• _Try it_:
Transcribe, word for word and without additions, each line below from the one containing "Flower Agate Prestige Necklace Gold" through the one containing "Nesto Home 28", both ends included.
___
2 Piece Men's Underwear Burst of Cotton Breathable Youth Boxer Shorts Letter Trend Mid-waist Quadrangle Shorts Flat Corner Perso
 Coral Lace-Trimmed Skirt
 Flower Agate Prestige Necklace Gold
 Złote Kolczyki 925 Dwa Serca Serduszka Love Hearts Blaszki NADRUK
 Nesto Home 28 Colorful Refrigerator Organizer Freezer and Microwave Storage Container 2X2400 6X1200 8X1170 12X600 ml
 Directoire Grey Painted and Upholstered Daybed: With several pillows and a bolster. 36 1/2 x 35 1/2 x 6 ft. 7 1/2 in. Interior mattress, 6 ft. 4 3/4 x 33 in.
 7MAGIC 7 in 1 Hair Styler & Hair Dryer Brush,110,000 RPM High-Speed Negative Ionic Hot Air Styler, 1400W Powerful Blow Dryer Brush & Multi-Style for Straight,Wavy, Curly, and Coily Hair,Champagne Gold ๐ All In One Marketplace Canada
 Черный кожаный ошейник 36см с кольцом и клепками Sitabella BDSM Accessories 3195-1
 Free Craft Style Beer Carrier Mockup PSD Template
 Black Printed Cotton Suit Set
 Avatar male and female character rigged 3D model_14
___
• _Output for this task_:
 Flower Agate Prestige Necklace Gold
 Złote Kolczyki 925 Dwa Serca Serduszka Love Hearts Blaszki NADRUK
 Nesto Home 28 Colorful Refrigerator Organizer Freezer and Microwave Storage Container 2X2400 6X1200 8X1170 12X600 ml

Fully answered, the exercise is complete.